>>

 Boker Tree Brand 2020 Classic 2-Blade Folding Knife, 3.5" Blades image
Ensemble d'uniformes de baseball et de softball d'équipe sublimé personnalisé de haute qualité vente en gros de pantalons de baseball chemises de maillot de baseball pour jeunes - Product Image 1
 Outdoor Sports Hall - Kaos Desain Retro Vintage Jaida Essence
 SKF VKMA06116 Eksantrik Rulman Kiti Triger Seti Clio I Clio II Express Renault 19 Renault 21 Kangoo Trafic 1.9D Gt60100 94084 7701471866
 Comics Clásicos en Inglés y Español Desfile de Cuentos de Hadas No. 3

<<
>>

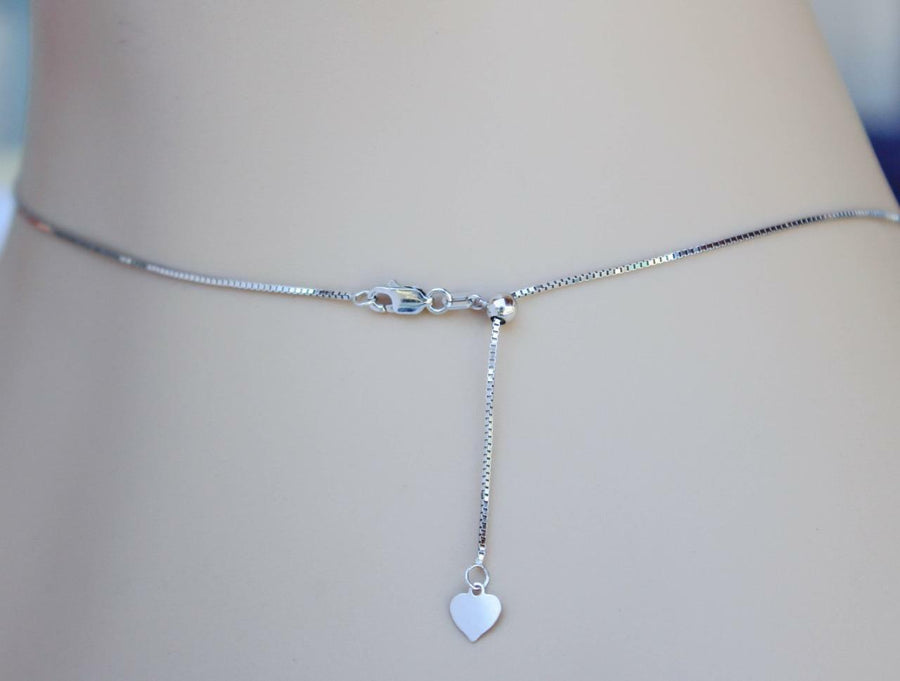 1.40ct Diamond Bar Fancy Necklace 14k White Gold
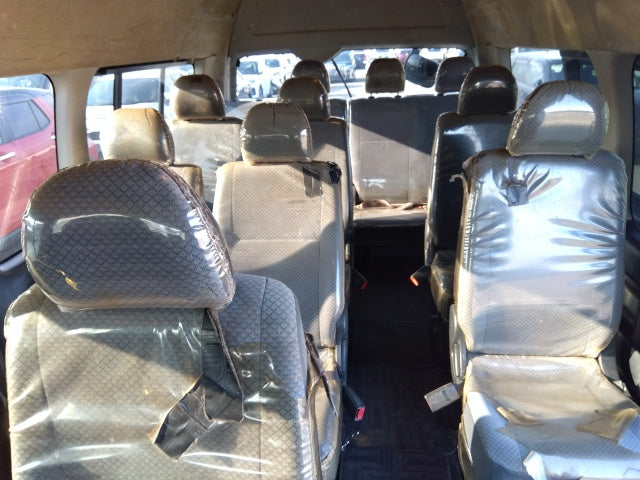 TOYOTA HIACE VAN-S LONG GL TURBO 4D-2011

<<

## Work request:
Give an exact copy of the lines above from the line with "SKF VKMA06116 Eksantrik" up to and including the line with "Comics Clásicos en", and leave everything else out.

## Written reply:
 SKF VKMA06116 Eksantrik Rulman Kiti Triger Seti Clio I Clio II Express Renault 19 Renault 21 Kangoo Trafic 1.9D Gt60100 94084 7701471866
 Comics Clásicos en Inglés y Español Desfile de Cuentos de Hadas No. 3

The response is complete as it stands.